In the UK, the British Retail Consortium revealed that a drop in British shop prices accelerated in November. Prices declined 2.1% over the 12 months to November, worse than October's 1.8% decrease.
Markit’s construction purchasing managers’ index declined from 58.8 in October to 55.3 in November, comfortably below the 58.5 reading analysts had expected. A reading above 50 signals an expansion while a level below that suggests growth.
Stateside, the private sector created 217,000 jobs in November, according to ADP, better than the previous month’s reading of 196,000 and estimates of 190,000. The data comes ahead of the widely followed non-farm payrolls on Friday.
Meanwhile, Federal Reserve policymaker Dennis Lockhart said the case for raising interest rates this month was “compelling”, although dollar strength was a risk to his outlook.
In a speech in Fort Lauderdale ahead of the Fed’s two-day meeting on 15-16 December, Lockhart said: “The dollar has risen pretty substantially since mid-2014.”
Earlier the Fed’s Lael Brainard said the central bank should go slow in raising interest rates. Speaking at the Stanford Institute for Economic Policy Research, he said there may be confines to the Fed’s ability to tighten monetary policy.
Company-wise, Shire, GlaxoSmithKline and AstraZeneca rallied as the sector got a boost from a note by Morgan Stanley, which double upgraded AZN to ‘overweight’ from ‘underweight’ and said it was among its top picks.
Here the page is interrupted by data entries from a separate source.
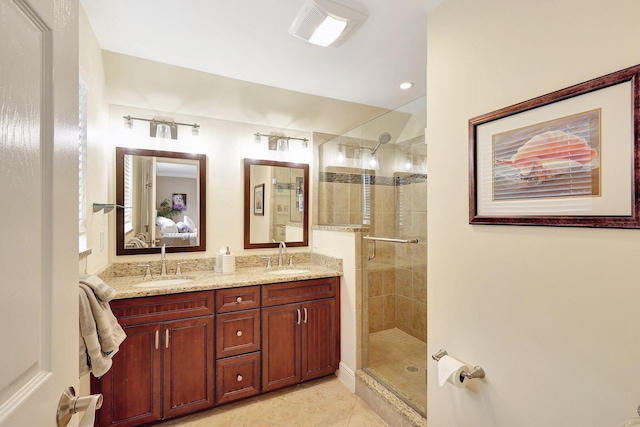 full bath featuring double vanity, a stall shower, tile patterned floors, and a sink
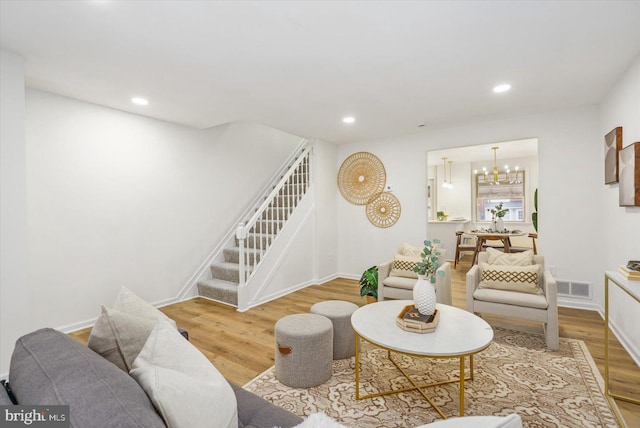 living area with stairs, recessed lighting, wood finished floors, and visible vents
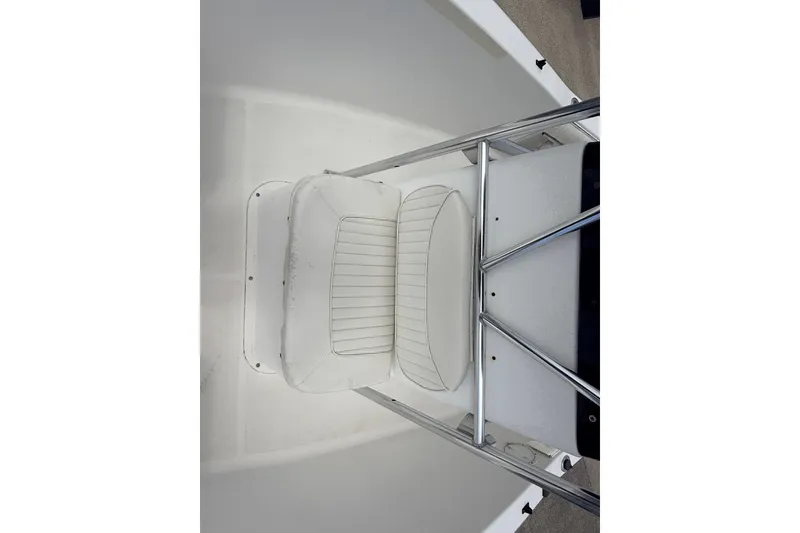 Slide: The Image of 2007 Sea Hunt Triton 220 boat seat with white upholstery and metal railing. - 12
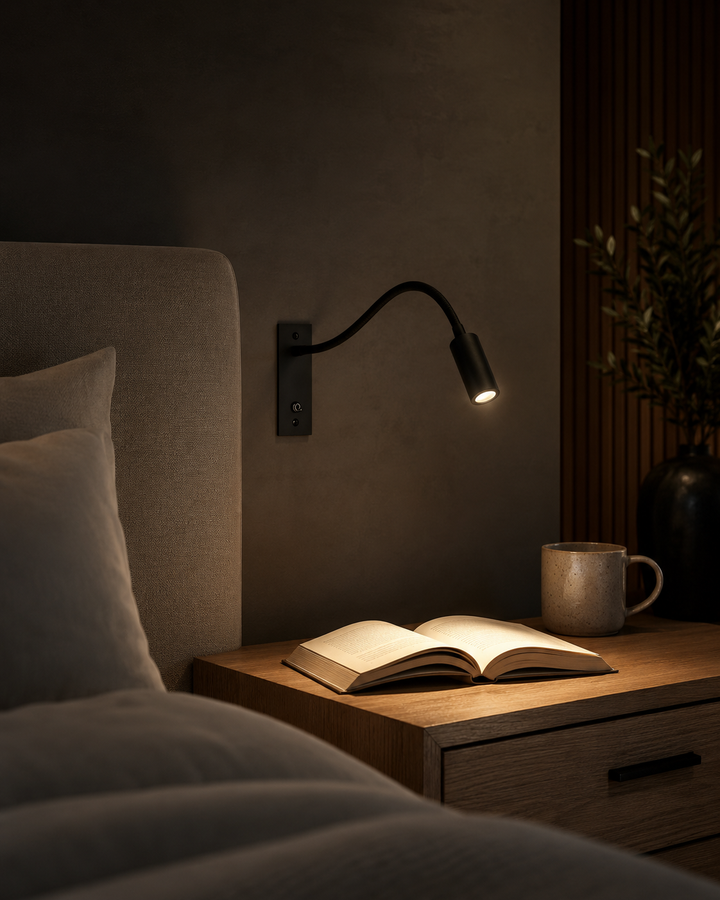 Applique noire allumée dans une chambre sombre, éclairant un livre ouvert posé sur une table de chevet en bois à côté d'une tasse. 6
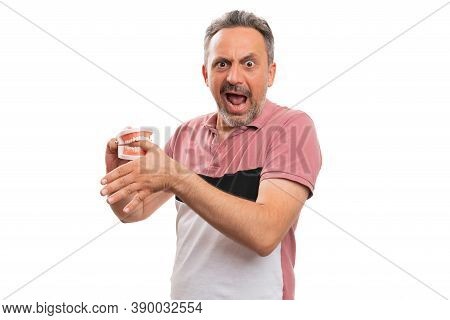 Fake Teeth Denture Prothesis Biting Thumb Finger Of Adult Male Model Making Hurt Expression With Bla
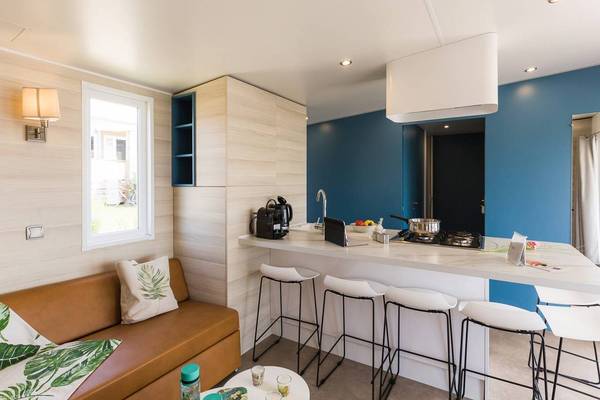 Intérieur du Camping Le Pin Parasol montrant une cuisine moderne avec une cuisinière, un évier et des tabourets.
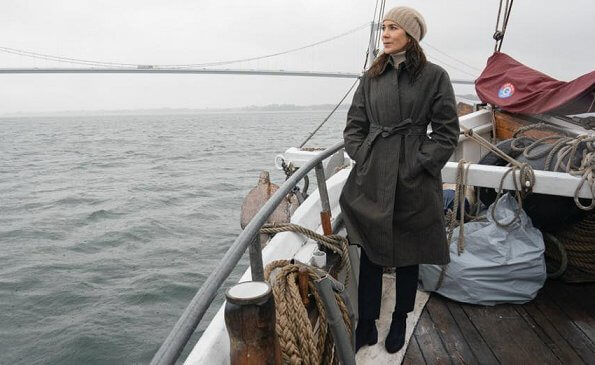Crown Princess Mary attended the celebrations of the 50th anniversary of the new Little Belt Bridge The bridge connects Jutland and Funen. Topshop vinyl trench coat with contrast stitching in green. khaki checked trench coat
Helped by JP Morgan Cazenove nudging its target price higher to 450p, Merlin Entertainments was on the front foot again following a well-received trading statement on Monday, in which the theme parks group confirmed it was likely to end the year on a stable footing. It said full year profit forecasts were expected to meet lowered expectations despite the continued significant weakness at Alton Towers since the crash on its Smiler ride in June.
On the downside, Meggitt slid as it looked set to be demoted to the FTSE 250 following the latest FTSE 100 quarterly review, the results of which will be announced after the close on Wednesday. Shares in the aerospace and defence engineer tumbled 20% in late October after it cautioned that full year profit would be well below forecasts due to a “marked deterioration” in its end markets.
Morrison Supermarkets was also sitting lower as the London Stock Exchange said the group is likely to be moved from the FTSE 100 to the FTSE 250 as it suffers from a price war.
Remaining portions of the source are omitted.